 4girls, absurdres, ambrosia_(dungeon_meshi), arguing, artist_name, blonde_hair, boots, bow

..............................

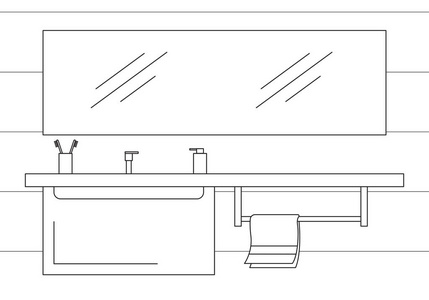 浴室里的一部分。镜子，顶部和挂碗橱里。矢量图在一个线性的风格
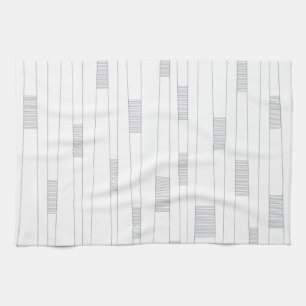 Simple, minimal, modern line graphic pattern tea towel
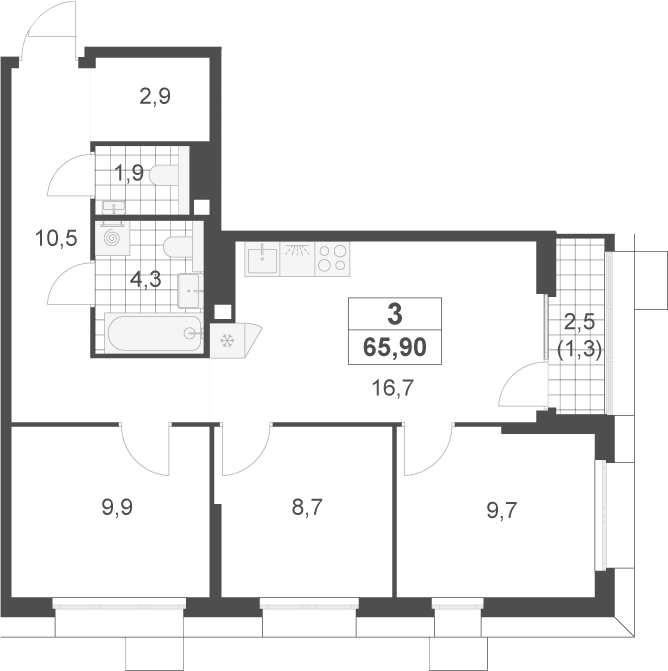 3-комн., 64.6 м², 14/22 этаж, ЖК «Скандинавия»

..............................

Everything above from the line containing "Simple, minimal, modern" down to the line containing "3-комн., 64.6 м², 14/22" is to be duplicated exactly, both lines included, and the pictures are to be omitted.

 Simple, minimal, modern line graphic pattern tea towel
 3-комн., 64.6 м², 14/22 этаж, ЖК «Скандинавия»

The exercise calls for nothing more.